It didn’t start with Twiggy: The ultra-thin flappers of the 20s

Salmost half a century before the Twiggyone of their iconic models swinging in the sixtiesimposed his androgynous silhouette on the catwalks, made him fashionable in a strange, by the standards of the 1920s, different from women, the so-called flappers. With their “skinny” figures and excited dancing, they beat the girls curvesachieve a style of at least emancipation, with close up frame and light clothing for greater freedom of movement. An emancipation where the Coco Chanel primary role.

The (ultra)thin silhouette was also dominant in its time Interwar and especially in the twenties. With various accessories, such as the once popular but controversial food Hollywood 18-Day Diet which, inspired by the American film industry, suggests that women can live only on oranges, grapefruit, toast and eggs. While the so-called Medical Millennium Diet he advises his adventurous followers to chew their food slowly, eat no more than one plate of food per meal (preferably still) and take regular enemas.

The doctor Lulu Hunt Peters with the first weight loss bestseller in history, the “Food and Health: With the Key to Calories”, urges readers to ignore the advice of friends and acquaintances who warn them about the dangers of reducing food consumption. One sentence from her book is enough to fill women who are quick to pursue happiness with regret: “Any amount of food we eat in excess of the needs of our system for energy, growth, and very fattening or inconvenient, or both. To understand exactly what he means by “unnecessary amount of food,” it is important to know that a representative food for him includes cottage cheese and a bread without butter.

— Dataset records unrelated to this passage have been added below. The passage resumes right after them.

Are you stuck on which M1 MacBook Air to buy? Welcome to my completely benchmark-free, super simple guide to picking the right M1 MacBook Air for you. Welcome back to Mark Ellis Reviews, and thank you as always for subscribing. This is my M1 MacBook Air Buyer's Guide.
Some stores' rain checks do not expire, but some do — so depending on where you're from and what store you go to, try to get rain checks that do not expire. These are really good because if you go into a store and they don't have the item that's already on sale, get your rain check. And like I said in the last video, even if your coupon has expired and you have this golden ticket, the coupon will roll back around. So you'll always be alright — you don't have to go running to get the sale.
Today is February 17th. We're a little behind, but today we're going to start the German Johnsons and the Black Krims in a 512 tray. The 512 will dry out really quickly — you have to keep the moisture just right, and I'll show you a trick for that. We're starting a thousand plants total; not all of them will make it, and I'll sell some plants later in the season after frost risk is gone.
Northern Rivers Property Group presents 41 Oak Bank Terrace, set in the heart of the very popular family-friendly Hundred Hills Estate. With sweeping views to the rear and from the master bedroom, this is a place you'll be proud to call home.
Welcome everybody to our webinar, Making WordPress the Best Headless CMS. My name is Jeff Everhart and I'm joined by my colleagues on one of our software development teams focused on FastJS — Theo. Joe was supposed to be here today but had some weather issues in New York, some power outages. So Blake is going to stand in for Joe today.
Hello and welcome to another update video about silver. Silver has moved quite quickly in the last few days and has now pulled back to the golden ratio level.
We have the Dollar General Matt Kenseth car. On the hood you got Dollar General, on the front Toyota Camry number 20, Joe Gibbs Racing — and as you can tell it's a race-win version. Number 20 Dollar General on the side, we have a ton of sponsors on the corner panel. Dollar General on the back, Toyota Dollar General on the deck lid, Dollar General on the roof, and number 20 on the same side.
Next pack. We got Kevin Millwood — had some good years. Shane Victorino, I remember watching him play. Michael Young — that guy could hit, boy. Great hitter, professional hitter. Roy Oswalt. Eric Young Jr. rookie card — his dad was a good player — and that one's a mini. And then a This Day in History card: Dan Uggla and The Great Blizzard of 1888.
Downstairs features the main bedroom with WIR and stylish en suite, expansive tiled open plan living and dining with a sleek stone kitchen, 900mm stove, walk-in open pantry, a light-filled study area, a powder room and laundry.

And if the shortcomings of a diet are not enough to knock a flapper off his clothes, there are other complementary weapons recommended by “experts,” such as chewing gum which they enter laxative, corsets thinning and cigarettes. And yet: Tobacco companies advertise their products by presenting them as hunger suppressants. In nature, an advertisement of Lucky Strike from 1928 it depicts a flapper with red lips and the slogan: “To maintain a slim figure that no one can resist, take a Lucky instead of a sweet one.” Thus, flappers became not only symbols of women’s freedom but also of their submission to standards of beauty that, at least for some body types, required literal bloody sacrifices. At least in recent years the trend has begun to embrace multiple sizes. May it continue and last.